• _Data to process_:
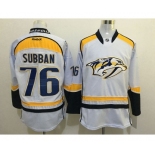 Men's Reebok Nashville Predators #76 P.K Subban Authentic White NHL Jersey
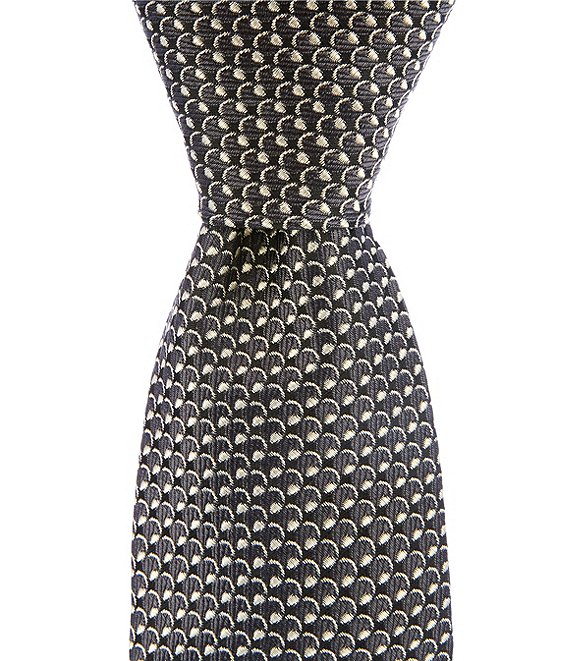 Murano Mini Circle Neat Narrow Poly Silk Tie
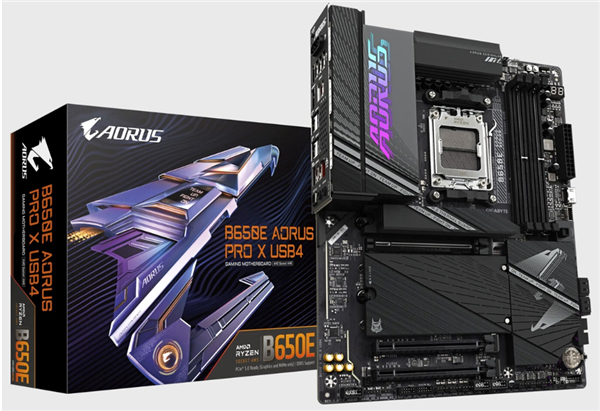 1999元 技嘉B650E AORUS PRO X USB4主板开售：双USB4 技嘉B650E主板 第1张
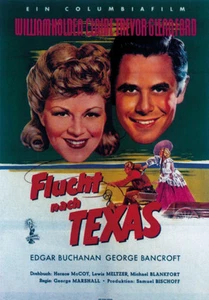 Texas (1941) William Holden Cult Western movie poster print - Imagen 1 de 1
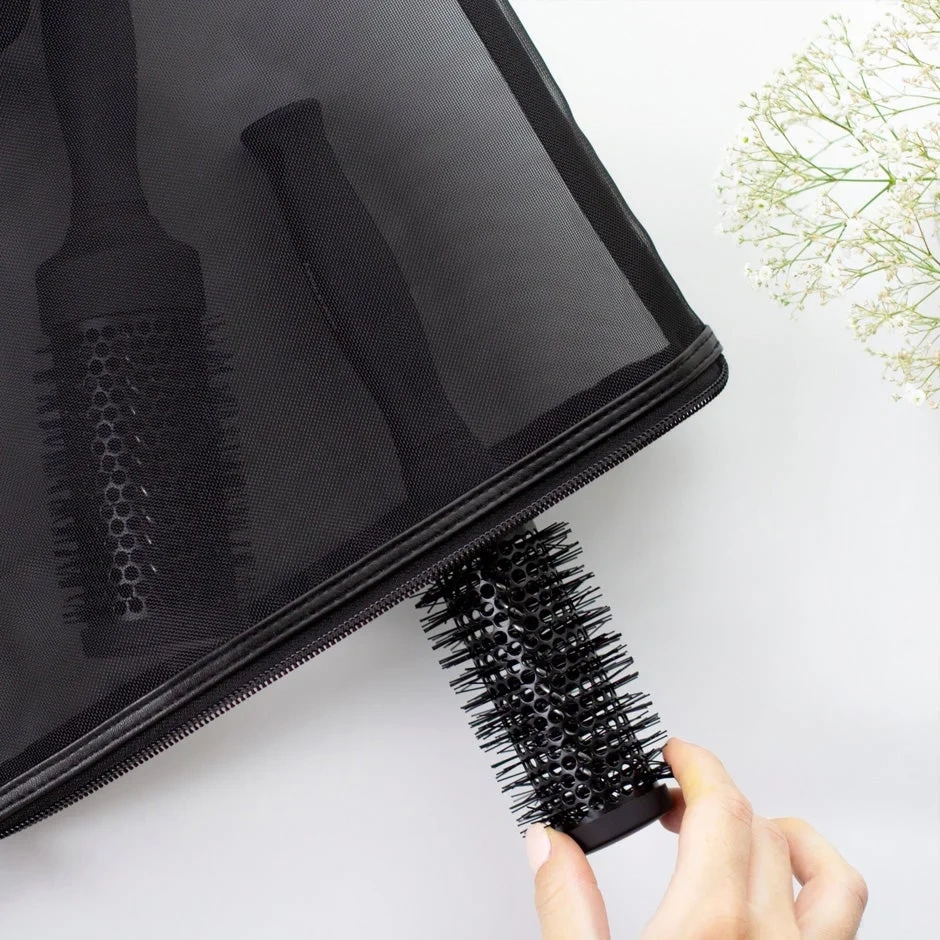 Sense of Youty Mesh Beauty Bag Black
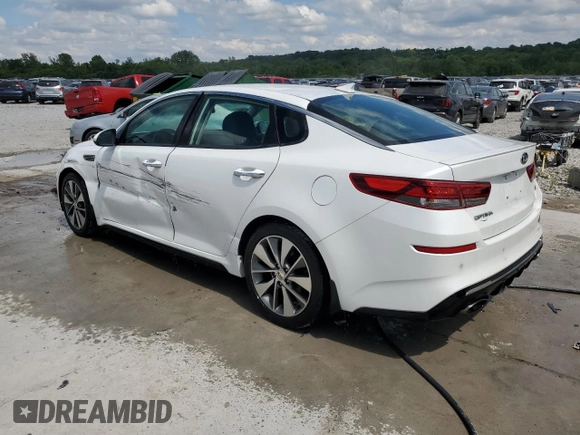 2019 Kia Optima LX with VIN 5XXGT4L37KG285218, listed as a Copart auction lot 58367365 with 105,052 mi miles and Salvage title. Bid and sale history available at DreamBid. Image 2.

• _Work request_: What you return must match, character for character, the lines above from the one with "1999元 技嘉B650E AORUS" through the one with "Sense of Youty Mesh Beauty Bag Black", minus any pictures.

• _Solution to the problem_:
 1999元 技嘉B650E AORUS PRO X USB4主板开售：双USB4 技嘉B650E主板 第1张
 Texas (1941) William Holden Cult Western movie poster print - Imagen 1 de 1
 Sense of Youty Mesh Beauty Bag Black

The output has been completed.